Household demand faltered at the same time, with retail sales tumbling -1.1% yoy, marking the first decline in 42 months.
China’s NBS PMI points to easing manufacturing weakness, services soft patch
China’s official PMI data for September signaled tentative improvement in industry but lingering softness in services. The NBS Manufacturing PMI rose to 49.8 from 49.4, its highest since March, though it still pointed to contraction. The gauge has been under 50 since April, reflecting headwinds for large and state-linked producers.
The NBS Non-Manufacturing PMI slipped from 50.3 to 50.0, effectively flatlining and pointing to a loss of momentum in construction and services. That stagnation raises questions about the strength of domestic demand, even as authorities step up stimulus efforts.
In contrast, the RatingDog (S&P Global) surveys offered a more optimistic take. Manufacturing improved to 51.2 from 50.5, the strongest since May, suggesting that private and export-focused companies are benefiting from external demand. Services edged down slightly from 53.0 to 52.9 but remained firmly in growth territory.
NZ ANZ business confidence ticks down, but activity outlook improves
New Zealand’s ANZ Business Confidence edged slightly lower in September, slipping from 49.7 to 49.6. Though, Own Activity Outlook improved to 43.4 from 38.7.
Inflation pressures ticked mildly higher. One-year-ahead inflation expectations rose to 2.71% from 2.63%,. The share of firms expecting to raise prices in the next three months climbed to 46%. Cost expectations also edged up, with 75% of respondents seeing higher input costs.
ANZ noted that the RBNZ is positioned to support growth with a lower Official Cash Rate. While the exact path of policy easing remains uncertain, the bank said the OCR will ultimately reach the level required to ensure the recovery takes hold.
Fed’s Williams: Makes sense to ease policy a little bit to support jobs
New York Fed President John Williams said overnight that it made sense for the central bank to ease policy “a little bit” to reduce restrictiveness to support the labor market while maintaining downward pressure on inflation.
Williams acknowledged progress toward the 2% inflation target but cautioned that more work remains. He underscored the Fed’s dual mandate, stressing the need to avoid “undue harm” to employment at a time when job creation has been gradually weakening. “I don’t want to see that go too far,” he said.
Encouragingly, Williams noted that some inflation worries have eased “”The tariff effects have been smaller than most people thought, and there doesn’t seem to be any signs of inflationary pressures building,” he noted.

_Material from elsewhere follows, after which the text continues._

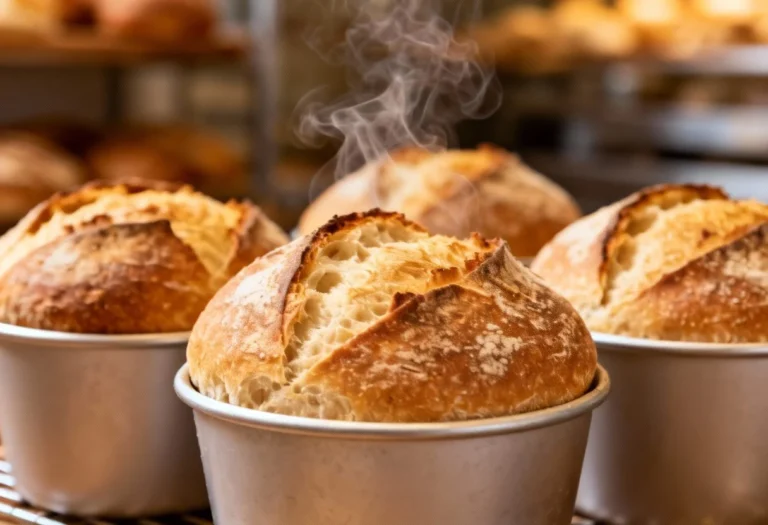 Sourdough Bread Recipe in Cups: Effortless Loaves, Every Time!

Fed’s Musalem open to cuts but urges cautions
St. Louis Fed President Alberto Musalem said monetary policy is now “somewhere between modestly restrictive and neutral.”
Musalem, who votes on policy this year, said he is “open minded” to further rate cuts but stressed that caution is needed. With limited room before policy turns “overly accommodative”, he signaled the Fed should proceed carefully.
AUD/USD Daily Report
Daily Pivots: (S1) 0.6555; (P) 0.6568; (R1) 0.6589; More...
Focus is back on 0.6627 resistance in AUD/USD with current extended rebound. Break there will suggest that pullback from 0.6706 has completed as correction, after drawing support from 55 D EMA (now at 0.6546). That will keep the larger rally from 0.5913 alive and bring retest of 0.6706 high. However, on the downside, sustained trading below 55 D EMA will confirm rejection by 0.6713 fibonacci resistance, and bring deeper fall to 0.6413 cluster support (38.2% retracement of 0.5913 to 0.6706 at 0.6403).
In the bigger picture, there is no clear sign that down trend from 0.8006 (2021 high) has completed. Rebound from 0.5913 is seen as a corrective move. Outlook will remain bearish as long as 38.2% retracement of 0.8006 to 0.5913 at 0.6713 holds. Nevertheless, considering bullish convergence condition in W MACD, sustained break of 0.6713 will be a strong sign of bullish trend reversal, and pave the way to 0.6941 structural resistance for confirmation.